Published 12 June 2008

The Most Noble Adventure: the Marshall Plan and the Reconstruction of Postwar Europe
Greg Behrman
Aurum Press, 464pp, £25

The Marshall Plan was born of horror at Europe's plight at the end of the Second World War and the fear that it would "go communist". It was also something more. It became an inspiration, particularly in the United States, where George Marshall's enlightened and moving determination to help Europe get back on its feet led scores of exceedingly able people to abandon top jobs and high salaries to work for the European Recovery Programme.

One of the merits of Greg Behrman's book is his skill in recalling the spirit of these people, where they came from and what they did. Over its four years, from 1948 to 1952, almost $13bn (the equivalent of more than $100bn today) was disbursed in economic and technical assistance and by the end of the programme the economy of every participating country, except Germany, had grown to well past pre-war levels. There were giants in Europe, too, in those days, who responded to Marshall's initiative with more than the desperation of battered beggars: Ernest Bevin, Jean Monnet, the undervalued Georges Bidault and later Konrad Adenauer. Behrman is also good at recalling what a lot of hard work was needed, particularly in getting the US Congress and press to understand what Marshall had seen and sensed when he visited Europe in 1947.

Getting the plan off the ground in the US was not just an emotional crusade. It was a most unusual and intricate political and diplomatic exercise. Whether Europe was really going communist is another question, but a number of well-informed people thought it was. The key moment was the 1948 election in Italy, in which American money and other pressures - and the proof that the US remained seriously present in Europe - played a significant role in pinning back the Communist Party.

The second part of Behrman's book deals with the plan in action and with, at least by implication, its long-term consequences. George Canning once famously proclaimed that he had called the New World into existence to redress the balance of the Old. Did George Marshall do something similar? He would have been the last person to make such a claim, but history may perhaps make it for him. Postwar Europe's most salient features have been the rapid rehabilitation of a democratic Germany and the beginnings of a European Union. The first looks firm; the second is still weak - no longer in danger of disappearing, but still a long way from solving the problems of coexistence of state and superstate.

Both were opportunely nurtured by the Marshall Plan and it is hard to imagine what Europe would be like today without them. To that extent, Marshall did not achieve one of his ostensible aims: not to interfere in Europe's affairs. And a good thing, too, says Behrman. He is an enthusiast with a good story to tell and he tells it with verve and clarity.

However, part of the subtitle of Behrman's book is The Reconstruction of Postwar Europe.

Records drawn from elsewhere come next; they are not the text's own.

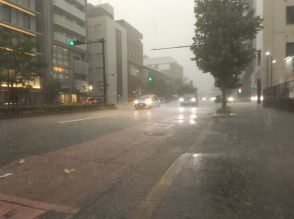 【速報】京都市でゲリラ豪雨、停電相次ぐ　大雨警報発表、「丹波太郎」来襲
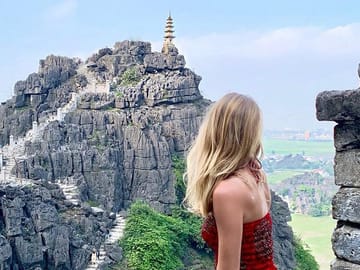 Ninh Binh 2-Day Tour from Hanoi: Hoa Lu, Tam Coc, Mua Cave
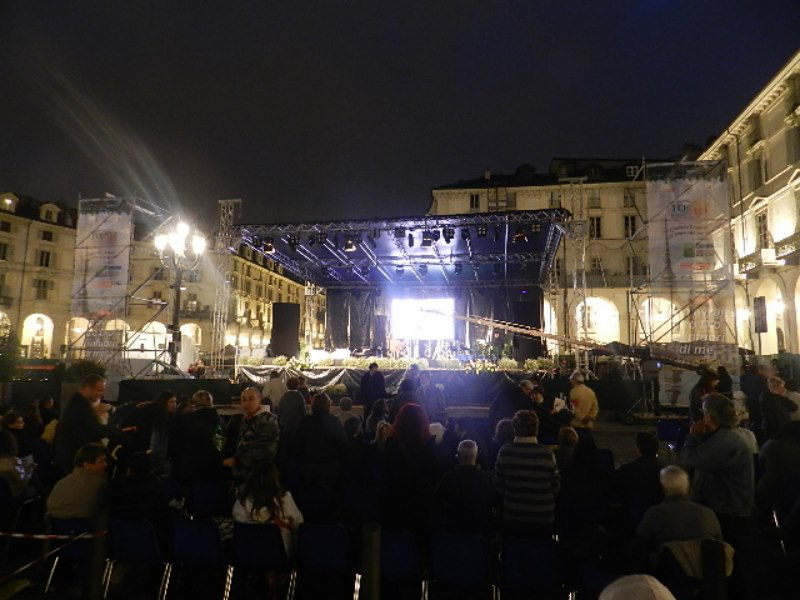 10 piazze per 10 comandamenti a Torino_001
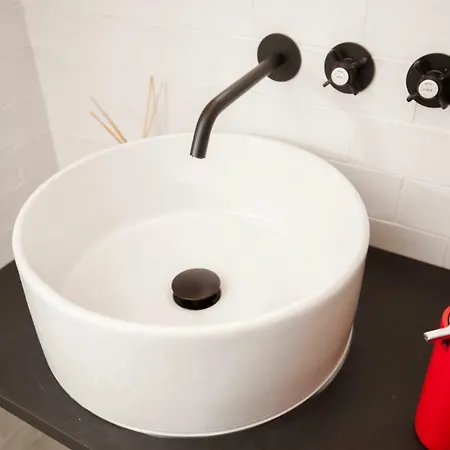 Get Lights And Books In A Flat *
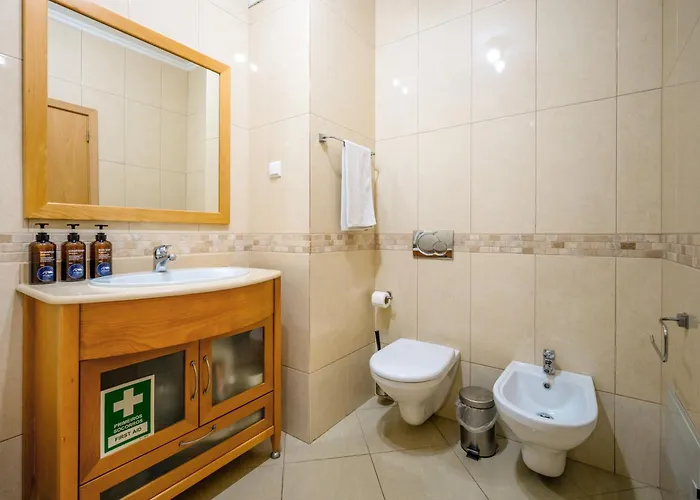 E Orada Sea View Historic Center Tennis Apartment *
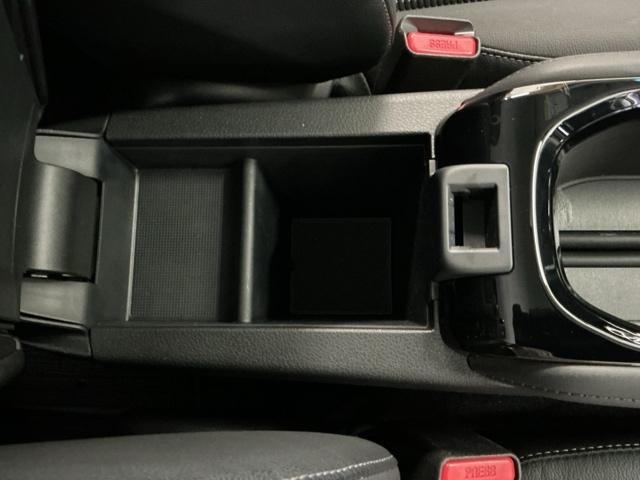 ヴェゼル ハイブリッドＺ　ナビ　Ｒカメラ　ブルートゥース　フルセグ　スマキー　パーキングセンサー　ＬＥＤランプ　ＥＴＣ付　ＵＳＢ　整備記録簿　シ－トヒ－タ－　サイドカーテンエアバック　運転席助手席エアバッグ　ＶＳＡ　キーフリ（18枚目）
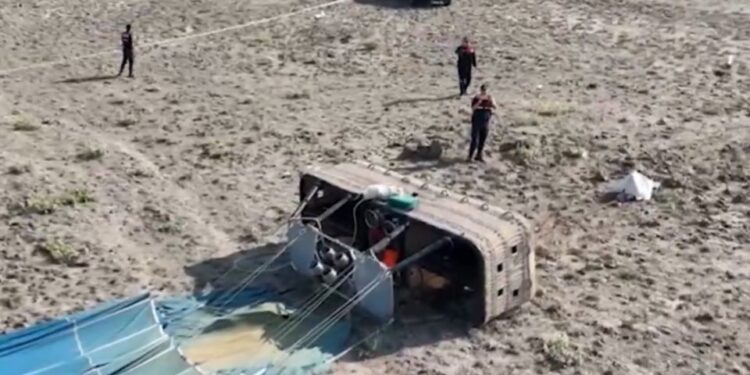 Sitio de choque de globo aerostático en Turquía; Una fatalidad y diecinueve heridas.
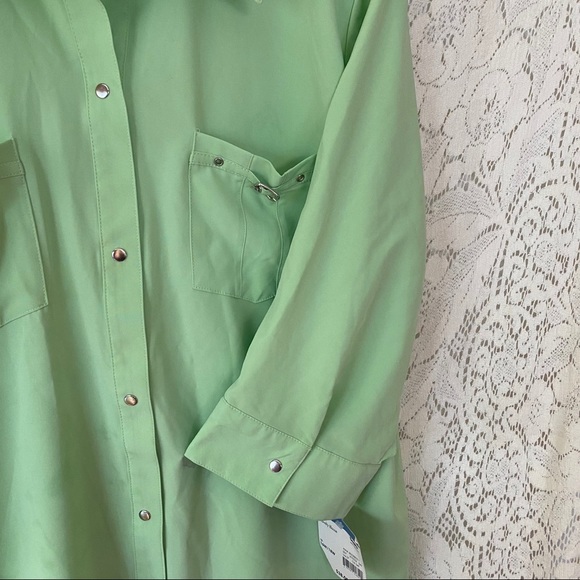 Covington Woman Lime 3/4 Sleeve Snap Front Shirt - Picture 7 of 14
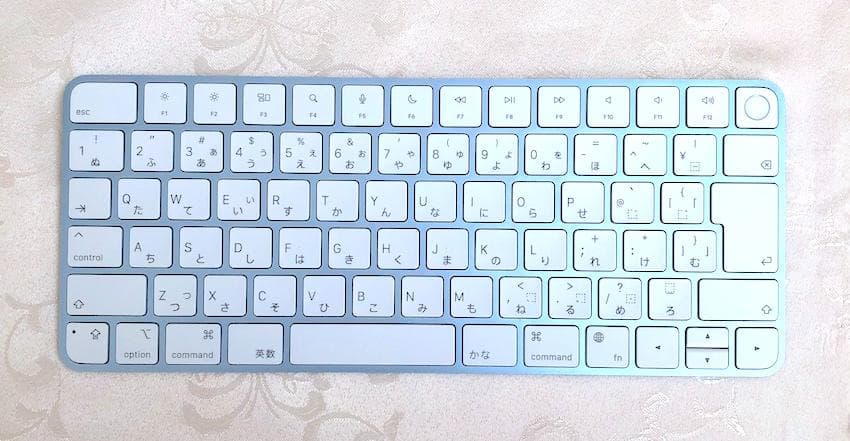 限定カラー｜ブルー｜Touch ID｜MAGIC KEYBOARD ｜APPLE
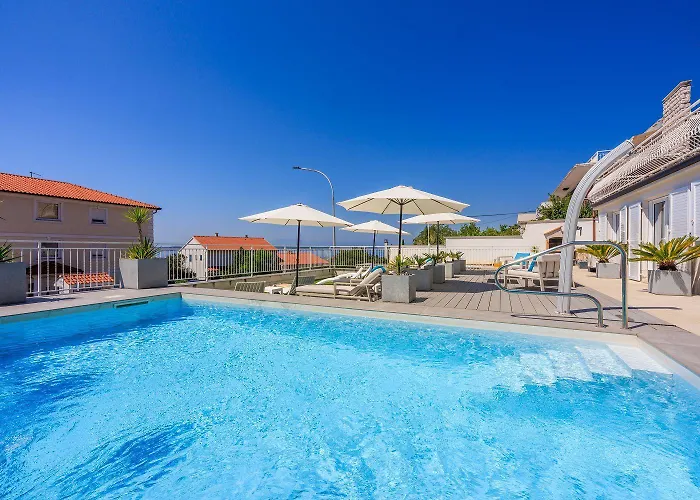 Einzigartiges Nur 500 Meter Zum Sandstrand Mit Pool, Heimkino, Billard Und Tennisstunden Apartamento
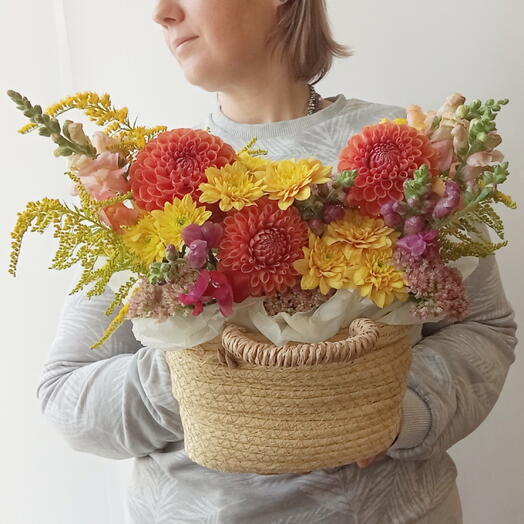 Корзиночка из георгин, львиного зева и хризантемы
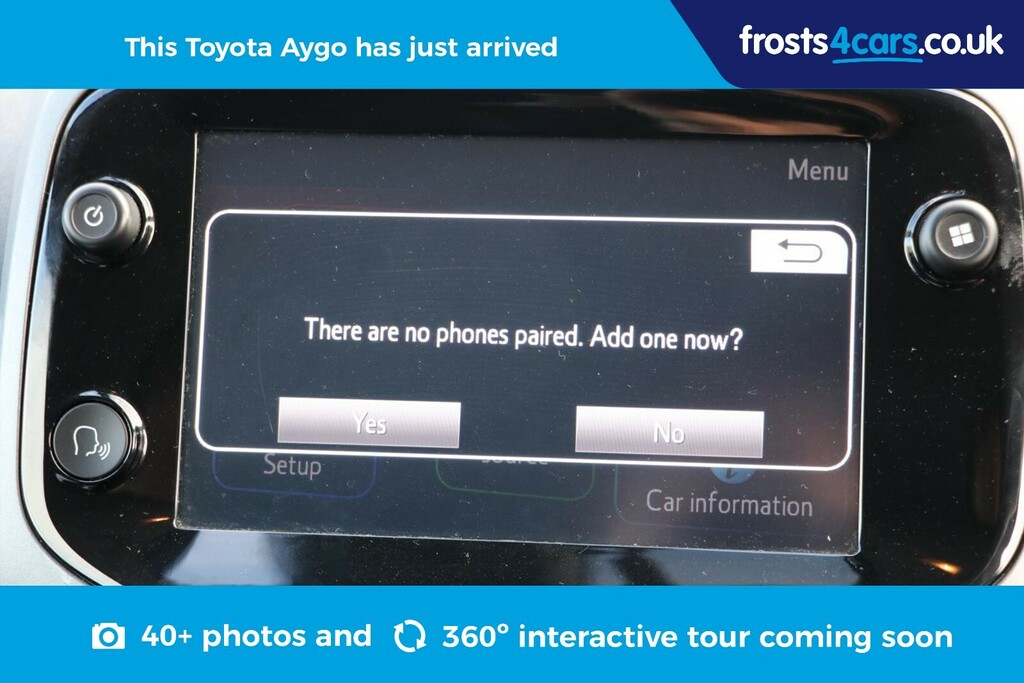 Compare Toyota Aygo 1.0Vvt-i X-clusiv X-shift DE20FJK Grey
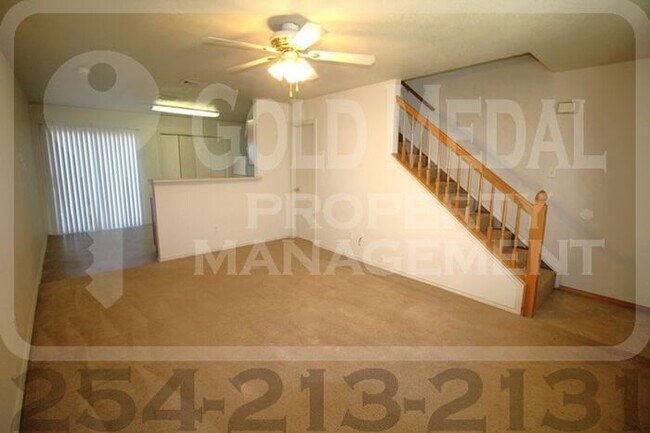 Foto del edificio - 306 Creek St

In the event, Europe has been reconstructed twice since the end of the Second World War, the second upheaval being the dissolution of the Soviet empire in Europe. This second act has raised the question of how far and in what directions Europe's astonishing postwar recovery and audacious venture into a novel sort of union are conditioned by changes in other continents that used to be held to be second-class participants. Europe's interests remain worldwide, but its power and influence are not.

Behrman's subtitle finds an echo in his final paragraph, which implicitly reminds us how much Europe's postwar recovery depended on American generosity and statecraft. The assumption in those days was that the US would remain the leading superpower for as long as anyone cared to think, but that is no longer a sound basis for long-term prognosticators, as is proved by the divisions within Europe today over European and extra-European crises. The US has already stultified the United Nations and it may still divide what it set out to unite.

There is also a cautionary tale here. In little more than half a century the United States has descended from the heights of power and glory and statesmanship, through the fearful profligacy of Ronald Reagan to the abject unfitness of George W Bush, to a position in the world still great, but uncertain and febrile. Marshall and Bush seem hardly to belong to the same planet, but perhaps the wheel of fortune is turning to hand the reins of power back to the Marshalls rather than the Bushes: there are many of both species around. The Marshall Plan is now history. World affairs are dominated by three pol itical issues: the failure of the attempt to control the spread of nuclear weapons; the end of the inviolability of the US to non-nuclear attack; and the dawning perception that just as victory in two world wars entailed the end of the British empire and of the supremacy of the pound sterling, so victory in the Cold War has threatened the global hegemony of the ultimate symbol of US power, the dollar.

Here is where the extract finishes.